Ahora es el asturiano el que ve con malos ojos la nueva determinación del Cupo dado que dicha revisión «se ha llevado a cabo sin ninguna información ni consulta a la comisión para la reforma de la financiación», lo que es, a su juicio,»una clara muestra de que el parecer de dicha comisión se estima irrelevante». No obstante, asegura desear «el mayor éxito al resto de miembros de la comisión y, de cara al futuro, espero y deseo que sus esfuerzos, mirando por encima de los intereses particulares, pueda cristalizar» en un nuevo modelo «que mejore el grado de cumplimiento de los principios de solidaridad, autonomía y coordinación entre Administraciones Públicas», concluye la misiva con fecha del 12 de mayo.

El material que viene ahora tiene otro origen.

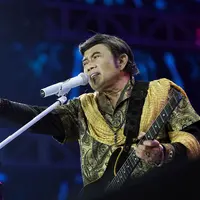 Selain Rhoma Irama, panggung ulang tahun MNCTV yang ke-24 pada Selasa 20 Oktober 2015 tersebut juga dimeriahkan oleh deretan penyanyi tanah air seperti Wali dan Karina Salim. (Deki Prayoga/Bintang.com)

Se le abre así al presidente asturiano otro frente después de meses en el disparadero tras aceptar asumir el control de la comisión gestora socialista. Derrotado por su militancia, que apostó mayoritariamente por Pedro Sánchez en detrimento de Susana Díaz; cuestionado por el nuevo secretario general electo y sin ánimos para luchar por el liderazgo regional del partido ni por la cabeza de candidatura en las autonómicas de 2019, Fernández se bate en retirada. Su principal adversaria interna es Adriana Lastra, cuyo nombre se ha barajado para distintos puestos de responsabilidad en Ferraz o en el Grupo Parlamentario Socialista al ser una de las incondicionales de Sánchez.

Hacienda considera el plante fruto de la descomposición de las baronías socialistas tras el triunfo de Sánchez

La salida del catedrático Carlos Monasterio se ha considerado en Hacienda una nueva muestra de la situación de descomposición interna de las baronías socialistas sin las cuales es imposible alcanzar un acuerdo para la financiación autonómica. Los dirigentes regionales socialistas no parecen tener en estos momentos entre sus prioridades la renovación del modelo que comunidades como Valencia o Baleares consideran profundamente injusto para sus territorios. Aunque el compromiso es tener este mismo año un pacto que eche a andar en 2018, el departamento de Cristóbal Montoro no es muy optimista sobre el calendario.

En cambio el representante de Aragón en esa mesa, el  doctor en Economía Alain Cuenca, explicó ayer en una comparecencia en el Parlamento autonómico que una de las grandes discrepancias radica en que los expertos designados por el Estado «se niegan a reconocer que la reforma del sistema de financiación requiere que haya más recursos en el mismo, y sin ello no es posible llevarla a cabo», informó Europa Press.

Muchos expertos reclaman del Estado «más recursos» para hacer un nuevo modelo de financiación

Para Cuenca, el Gobierno central «dispone de mejores instrumentos fiscales y un mayor margen de endeudamiento que les permite hacer menos recortes que las Comunidades, que tienen un problema de suficiencia financiera», un planteamiento que se verá plasmado en el informe que elaborará próximamente la Comisión sobre los trabajos realizados. Asimismo, el economista ha señalado que la financiación «no ha sido igual para todas las autonomías de régimen común» en estos años, así que el nuevo sistema «deberá reconocer las desigualdades entre éstas». Ha añadido que «esto no quiere decir que el Estado aporte directamente esos recursos añadidos, sino que es necesario realizar una reforma fiscal amplia que permita la sostenibilidad del sistema de bienestar, corregir las desigualdes y recuperar pérdidas para las regiones».